瀧見「完全に、ジャンルとコミ二ティーで客層が分かれていた時期もあったからね。それはもちろんクラブというかサロン文化の本質のひとつでもあるんだけど、予定調和だけの自分が知っている世界とは違うものと出会ったり体験したりする、きっかけになるような場としてのクラブがある方がいいと思うけど。入り口は多くて広い方がいいからね」

鈴木「そうそう。そのジャンルを突き詰めるかっこよさも当然理解できるんだけど、いい加減さというか、風通しのよさがないと、ストイックな部分も輝いてこないのかな。エンターテインメントがあるから、クールでコアなDJも光るんですよね。例えば、VERBAL君がプレイした後、瀧見さんがプレイして、フロアの人が『あのロン毛のDJ、いいね』ってなればなって(笑)」

──なるほど、ハニカムおよび鈴木編集長の音楽へのアプローチは、じつにニュートラルですね。
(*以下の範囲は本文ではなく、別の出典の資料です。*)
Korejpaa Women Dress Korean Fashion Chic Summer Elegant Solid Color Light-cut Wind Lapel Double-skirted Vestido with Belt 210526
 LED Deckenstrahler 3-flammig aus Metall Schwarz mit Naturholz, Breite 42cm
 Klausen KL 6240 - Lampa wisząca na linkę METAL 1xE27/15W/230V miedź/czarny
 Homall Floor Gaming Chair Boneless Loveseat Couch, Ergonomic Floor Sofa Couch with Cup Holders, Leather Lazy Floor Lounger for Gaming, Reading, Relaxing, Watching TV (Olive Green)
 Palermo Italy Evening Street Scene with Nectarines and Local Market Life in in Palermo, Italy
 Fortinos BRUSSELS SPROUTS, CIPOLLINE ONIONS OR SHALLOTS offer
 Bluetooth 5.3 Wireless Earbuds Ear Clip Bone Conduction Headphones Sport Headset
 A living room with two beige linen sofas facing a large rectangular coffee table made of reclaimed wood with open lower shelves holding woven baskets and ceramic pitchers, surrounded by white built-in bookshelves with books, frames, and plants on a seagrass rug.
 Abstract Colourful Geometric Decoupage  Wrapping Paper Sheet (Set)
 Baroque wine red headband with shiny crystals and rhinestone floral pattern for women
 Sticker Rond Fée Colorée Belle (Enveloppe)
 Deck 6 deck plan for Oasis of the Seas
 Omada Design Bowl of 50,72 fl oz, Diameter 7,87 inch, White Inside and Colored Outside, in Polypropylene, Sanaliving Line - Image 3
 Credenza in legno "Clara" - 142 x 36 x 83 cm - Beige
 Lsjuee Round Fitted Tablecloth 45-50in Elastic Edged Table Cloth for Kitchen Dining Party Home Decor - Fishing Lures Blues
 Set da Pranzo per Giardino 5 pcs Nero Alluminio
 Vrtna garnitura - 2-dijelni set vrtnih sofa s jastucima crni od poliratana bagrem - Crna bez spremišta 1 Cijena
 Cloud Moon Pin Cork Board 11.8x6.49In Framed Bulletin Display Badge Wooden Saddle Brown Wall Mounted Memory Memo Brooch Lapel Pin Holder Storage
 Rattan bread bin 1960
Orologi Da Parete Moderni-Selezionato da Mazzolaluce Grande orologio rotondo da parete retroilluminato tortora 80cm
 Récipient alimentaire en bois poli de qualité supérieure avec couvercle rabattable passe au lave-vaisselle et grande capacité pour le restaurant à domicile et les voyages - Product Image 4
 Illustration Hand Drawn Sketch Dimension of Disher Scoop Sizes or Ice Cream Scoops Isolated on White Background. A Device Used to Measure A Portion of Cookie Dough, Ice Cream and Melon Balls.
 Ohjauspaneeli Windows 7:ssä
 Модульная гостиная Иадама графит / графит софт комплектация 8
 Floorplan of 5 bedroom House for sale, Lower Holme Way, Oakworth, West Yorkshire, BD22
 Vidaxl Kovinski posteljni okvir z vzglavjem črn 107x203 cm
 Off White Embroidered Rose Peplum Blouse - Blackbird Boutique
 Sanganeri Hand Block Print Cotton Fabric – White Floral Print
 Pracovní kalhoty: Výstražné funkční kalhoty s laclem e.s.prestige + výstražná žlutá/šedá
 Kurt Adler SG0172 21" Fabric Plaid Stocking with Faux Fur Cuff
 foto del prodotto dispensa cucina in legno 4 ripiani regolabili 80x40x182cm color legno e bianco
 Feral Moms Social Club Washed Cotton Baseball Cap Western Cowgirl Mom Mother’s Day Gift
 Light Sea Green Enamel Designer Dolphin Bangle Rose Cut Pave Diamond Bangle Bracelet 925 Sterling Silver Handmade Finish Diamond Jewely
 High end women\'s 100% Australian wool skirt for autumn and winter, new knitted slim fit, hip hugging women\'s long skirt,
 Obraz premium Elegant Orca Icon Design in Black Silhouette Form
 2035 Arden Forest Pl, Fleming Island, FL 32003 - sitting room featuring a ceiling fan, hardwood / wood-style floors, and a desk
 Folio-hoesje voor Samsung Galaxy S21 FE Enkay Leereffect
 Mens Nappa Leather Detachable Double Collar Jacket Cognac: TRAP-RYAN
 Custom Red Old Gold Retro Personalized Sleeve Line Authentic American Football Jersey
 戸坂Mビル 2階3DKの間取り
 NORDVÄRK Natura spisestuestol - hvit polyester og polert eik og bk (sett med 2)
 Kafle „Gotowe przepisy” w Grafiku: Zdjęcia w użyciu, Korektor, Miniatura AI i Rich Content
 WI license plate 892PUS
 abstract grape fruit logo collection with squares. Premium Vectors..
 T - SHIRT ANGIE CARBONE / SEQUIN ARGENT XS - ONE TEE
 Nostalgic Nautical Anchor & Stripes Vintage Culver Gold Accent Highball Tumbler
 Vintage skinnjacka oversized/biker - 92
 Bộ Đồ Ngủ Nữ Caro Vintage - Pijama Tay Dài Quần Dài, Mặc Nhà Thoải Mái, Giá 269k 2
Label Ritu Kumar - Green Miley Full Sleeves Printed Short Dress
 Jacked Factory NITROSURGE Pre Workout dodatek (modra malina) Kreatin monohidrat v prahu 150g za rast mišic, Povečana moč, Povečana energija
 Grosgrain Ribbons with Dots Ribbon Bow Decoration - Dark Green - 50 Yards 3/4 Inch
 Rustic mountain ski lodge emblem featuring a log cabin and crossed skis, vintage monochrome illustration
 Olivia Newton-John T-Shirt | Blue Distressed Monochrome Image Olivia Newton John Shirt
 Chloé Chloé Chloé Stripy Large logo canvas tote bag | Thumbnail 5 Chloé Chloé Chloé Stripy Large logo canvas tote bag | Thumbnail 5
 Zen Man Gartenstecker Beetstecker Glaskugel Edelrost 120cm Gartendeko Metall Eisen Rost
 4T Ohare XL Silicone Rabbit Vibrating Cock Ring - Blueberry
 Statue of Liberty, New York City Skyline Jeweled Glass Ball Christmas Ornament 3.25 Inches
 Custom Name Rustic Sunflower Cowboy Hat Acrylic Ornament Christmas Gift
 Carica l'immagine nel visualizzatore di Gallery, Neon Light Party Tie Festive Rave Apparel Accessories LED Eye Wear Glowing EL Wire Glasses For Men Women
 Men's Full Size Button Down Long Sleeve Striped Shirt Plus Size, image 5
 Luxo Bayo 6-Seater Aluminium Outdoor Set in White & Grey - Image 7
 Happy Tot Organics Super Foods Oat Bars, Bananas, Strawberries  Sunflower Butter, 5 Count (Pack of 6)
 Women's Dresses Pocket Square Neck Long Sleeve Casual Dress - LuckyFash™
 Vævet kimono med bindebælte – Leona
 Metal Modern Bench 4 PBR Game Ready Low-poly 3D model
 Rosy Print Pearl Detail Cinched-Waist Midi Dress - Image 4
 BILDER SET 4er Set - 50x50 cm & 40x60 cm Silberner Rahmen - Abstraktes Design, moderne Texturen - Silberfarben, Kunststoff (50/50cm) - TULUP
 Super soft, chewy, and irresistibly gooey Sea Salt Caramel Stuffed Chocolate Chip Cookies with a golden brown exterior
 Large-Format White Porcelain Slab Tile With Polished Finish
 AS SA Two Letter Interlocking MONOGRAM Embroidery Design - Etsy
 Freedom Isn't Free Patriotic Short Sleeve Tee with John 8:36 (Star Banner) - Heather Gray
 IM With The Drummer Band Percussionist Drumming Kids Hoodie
鈴木「例えば、CDの新譜紹介の記事はいまや成り立たないんですよね。僕らが単純にリリース情報を配信しても、正直、読者の興味はない。音楽自体の価値が下がっているとは思わないけど、リリースってことの情報価値は下がってしまったんですよ。逆に言えば、過去音源が新譜のようにパッケージされていることもあるし、発売よりもずっと前にウェブで、先行で流れていたり。そういう意味でもニュートラルにならざるを得ないんですよね。なにか一つのシーンやトレンドにこだわってもリアリティがない。瀧見さんのBeing Boringsように個性的な音楽性があれば、それだけでインフォメーションとして成り立つけれど、すべてがそういう作品ばかりではないでしょ。となれば、僕が個人的に好きなテイストの音楽を紹介していくよりも、音楽を紹介するにあたって、コンテクストやその背景を伝えるようにしたいんですよね」

瀧見「音楽のトレンドに関しては、ハニカムはどう考えているの?」

鈴木「それこそEDMじゃないけど、もっとトレンドの音楽を紹介しないといけないのかな、って思いますよ。そういう意味だと、ニュートラルじゃないかも」

瀧見「でも、エレクトロっぽい音楽を取り上げることはあるでしょ」

鈴木「ボーイズ・ノイズのインタビューなどは掲載しましたけどね」

瀧見「ああいうアーティストは本当にメジャーだと思うよ。ヨーロッパだとテクノが本当にメジャー。DJは曲やジャンルというより、音のテクスチャーと鳴り、構造自体がわかってるかが重要。いい鳴りのキックが鳴っただけで、若いクラウドは盛り上がるからね。キックとハットの音質自体とバランスがキモで、後はDJのミックススキルが重要だけどね」

鈴木「でも、それがクラブであり、ダンス・ミュージックなんじゃないですか。ビートに特化しているというか。ただやっぱり、そういうものとは違う音楽があるからこそ、そうしたダンス・ミュージックも輝くわけで。だから、複数のトレンドが並行して存在しているんだと思う」

──瀧見さんは先日、海外のDJツアーに行ってましたが、シーンの動向はいかがでしたか。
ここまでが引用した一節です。